Правильно, что старик не примирился с нашими планировками, и правильно, что ему уступили. Он оказался предпоследним. Теперь в живых – один Коровин, «сей остальной из стаи славных»…
2
Все же «Сиверку» не заслонить собой Остроухова. Нет спору, что это одна из наиболее замечательных картин нового русского пейзажа. Ее долголетие, видимо, будет огромным. Она написана еще в 1890 году; ее со всех сторон обступили меланхолические левитановские работы; уже после нее пришла схематическая заостренность пейзажей Серова. Однако «Сиверко» выглядит живее природы Левитана и не хочет уступить в обязательности пейзажным формулам Серова. Остроухов знал это и гордился этим. Он втайне – по секрету от своей официальной позы – знал и то, что, в сущности, он является «художником одной картины», как бывают писатели одной книги. Остальные его живописные работы – это только высокие или средние опыты превосходного, но не исторического мастера. Так умели писать еще многие. Без «Сиверка» не существовало бы Остроухова так же, как не было бы Саврасова – без «Грачей». Остроухов лишь много ровнее Саврасова и наполненнее его. Правда, «Сиверко» – не эпоха, как саврасовские «Грачи прилетели», а просто большое событие в истории русского искусства; «Сиверко» не открывал собой нового этапа, а только кристаллизовал общие поиски. Но зато и все остальное саврасовское наследие, его удручающе посредственная живопись, – а часто, увы, просто пьяная мазня, – никогда не станет в сравнение с тем, чем окружил Остроухов свою великолепную удачу.

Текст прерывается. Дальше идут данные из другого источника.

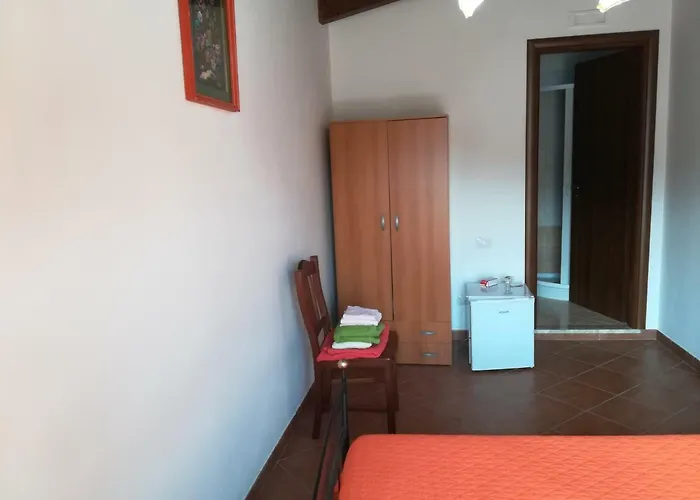 Borgo Degli Amici Farm stay *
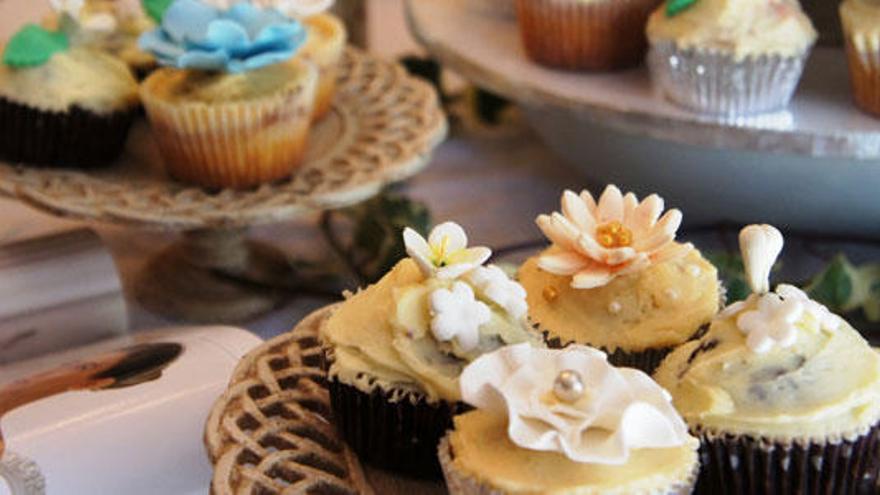 Aparador con cupcakes de distintos sabores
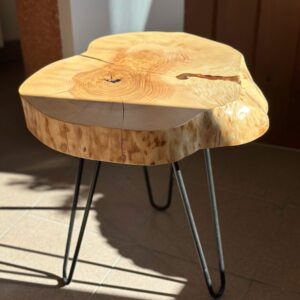 Stolik jesionowy jasna żywica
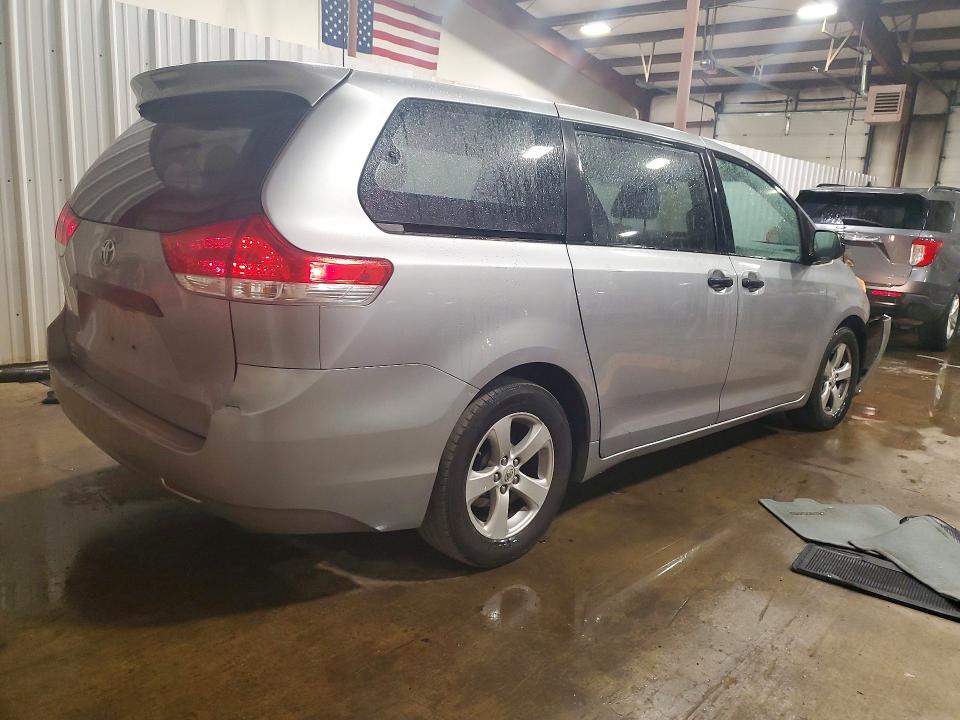 Photo 3 from auction – 2011 TOYOTA SIENNA with VIN 5TDZK3DC0BS011331
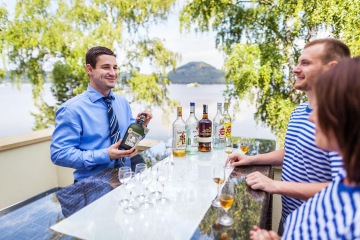 degustace, ochutnávka rumů s výhledem na Máchovo jezero - hotel Port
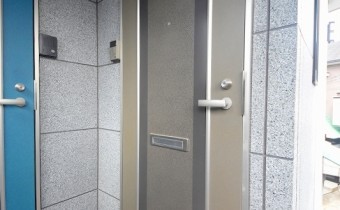 玄関ドア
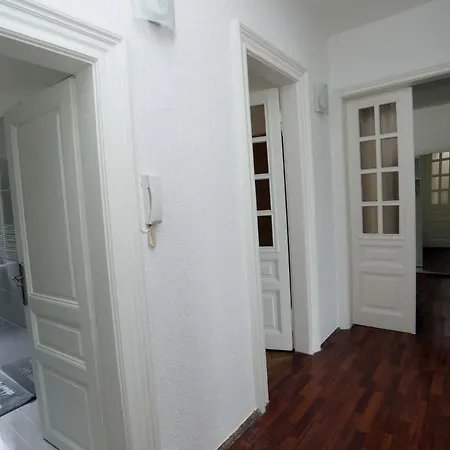 Apartment Cinkopan *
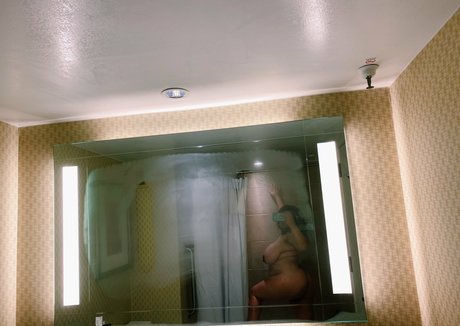 goddessbaileyy ポルノスター 可愛い 画像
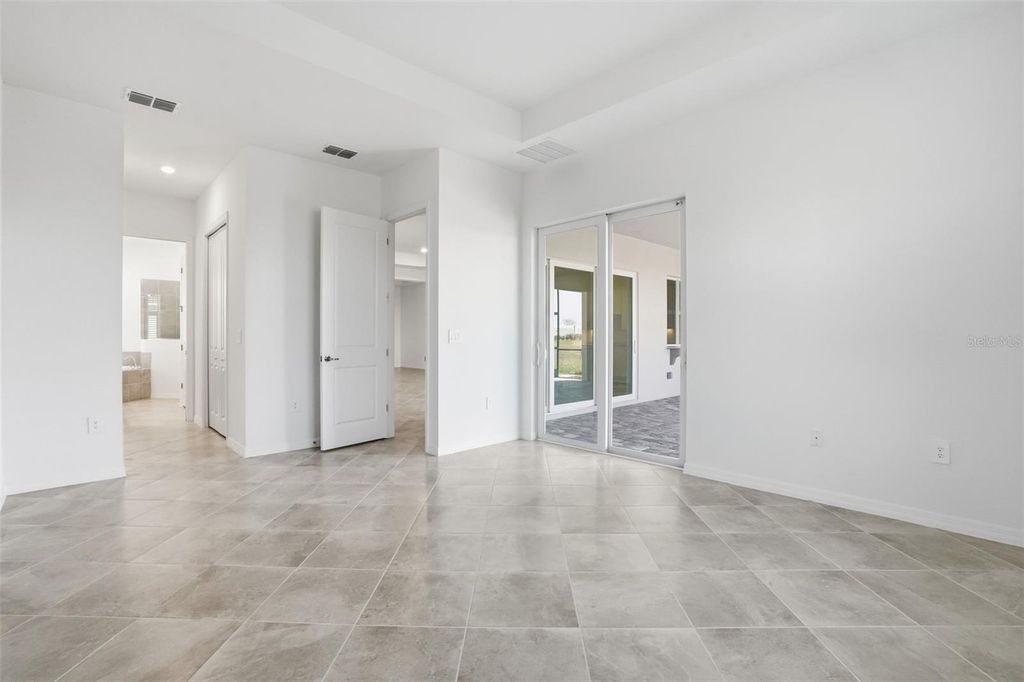 Image 14 of property listing at 19736 TROUT TERRACE, Lakewood Ranch, FL 34211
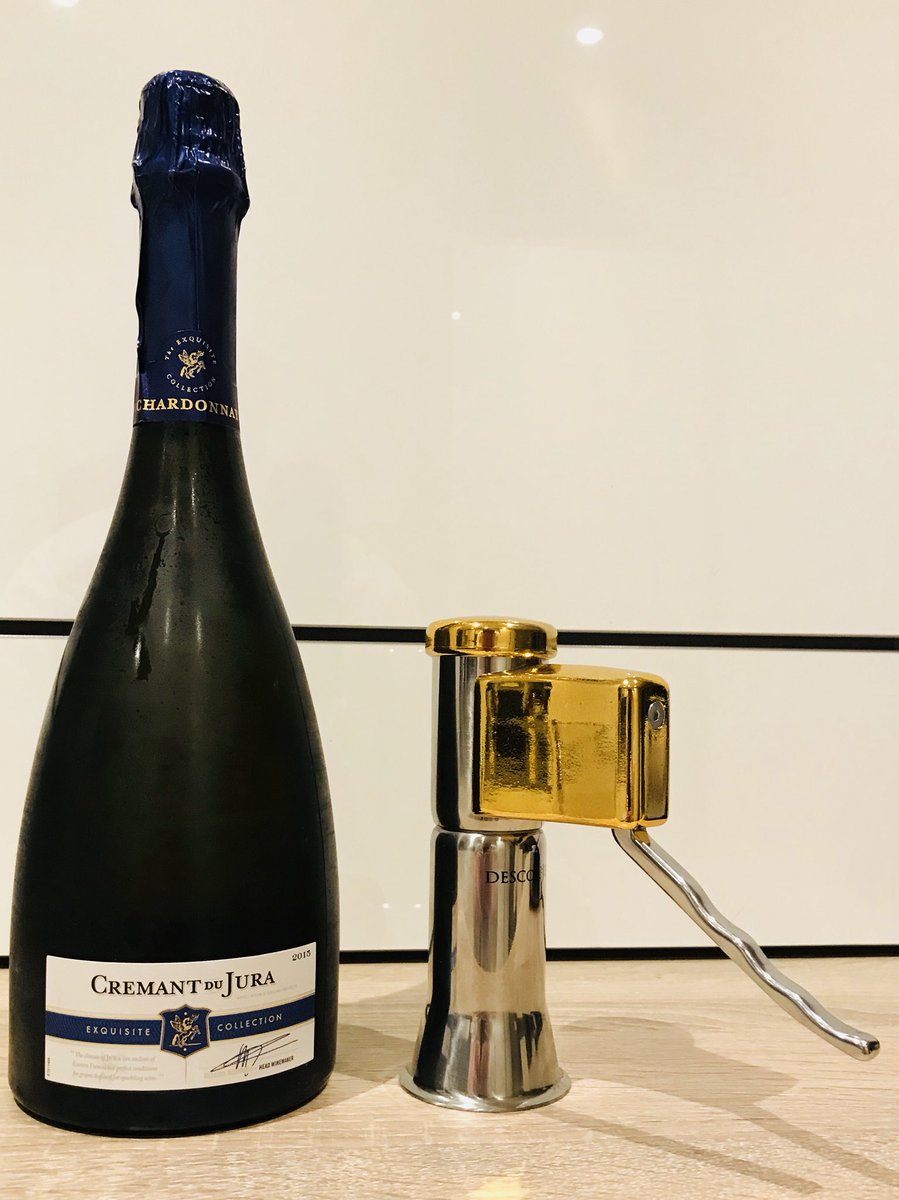 AndyBrown1969's tweet image. Tonight I have mainly been testing the Descorjet sparkling wine opener from @WaitersFriendCo and the Exquisite Cremant du Jura from @AldiUK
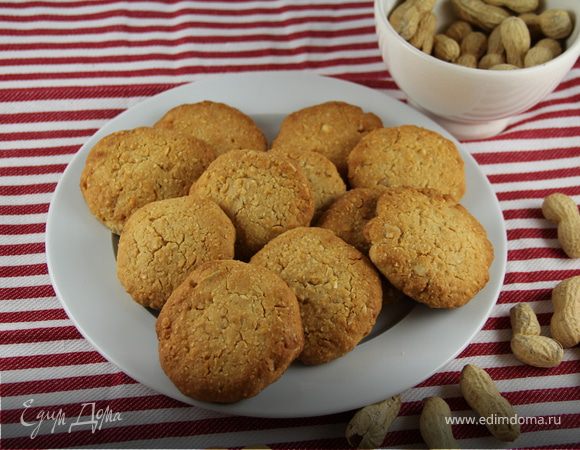 Медовый пирог с арахисом и корицей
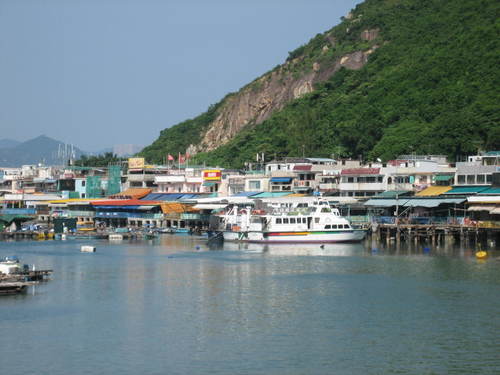 Lamma_island_town2
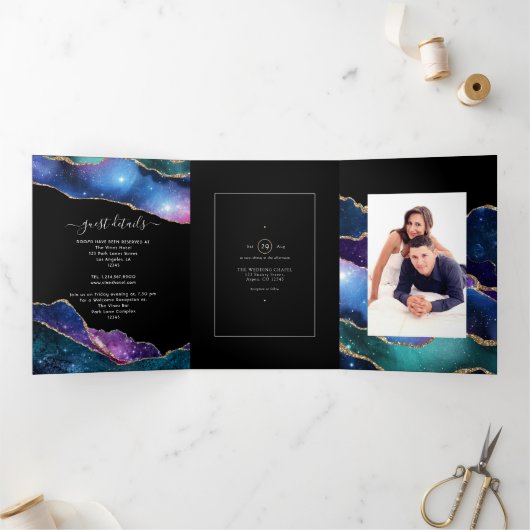 Galaxy Agate Mariage Photo Tri-Fold Invitation (Intérieur)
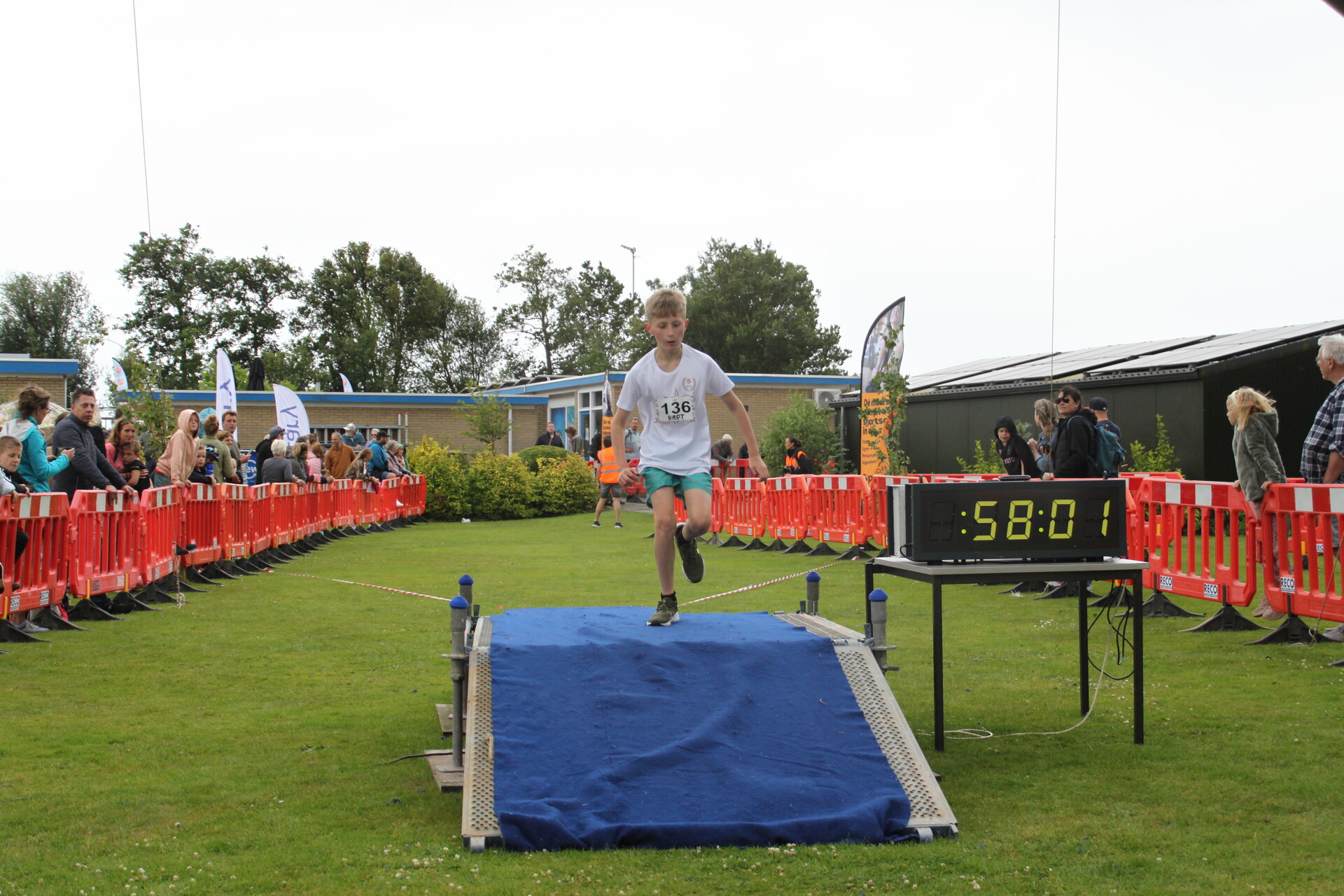 Finish foto van Bart Schuddebeurs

И все-таки сам он – больше, разнообразнее и внушительнее, нежели то, к чему его сводит эта единственная картина. Знаю, что к будущему он обращен наглядно и осязательно только «Сиверком». Знаю и то, что в остальном его постигнет та же судьба, какая постигает больших актеров и певцов: кто их знал лично, тот ими полон, а дальше это – только хорошие или плохие рассказы современников и иногда, при удаче, живые повести биографов. Конечно, и Остроухов скоро станет лишь устным преданием. Но именно потому, что не большая, а меньшая часть его будет в истории выдавать себя за него всего, – возникает желание наступить этой истории на ногу и попросить ее запомнить, что наш Остроухов несравненно красочнее, полнее и капризнее своим живым своеобразием, чем тот человек холста и краски, какого она будет предъявлять потомству.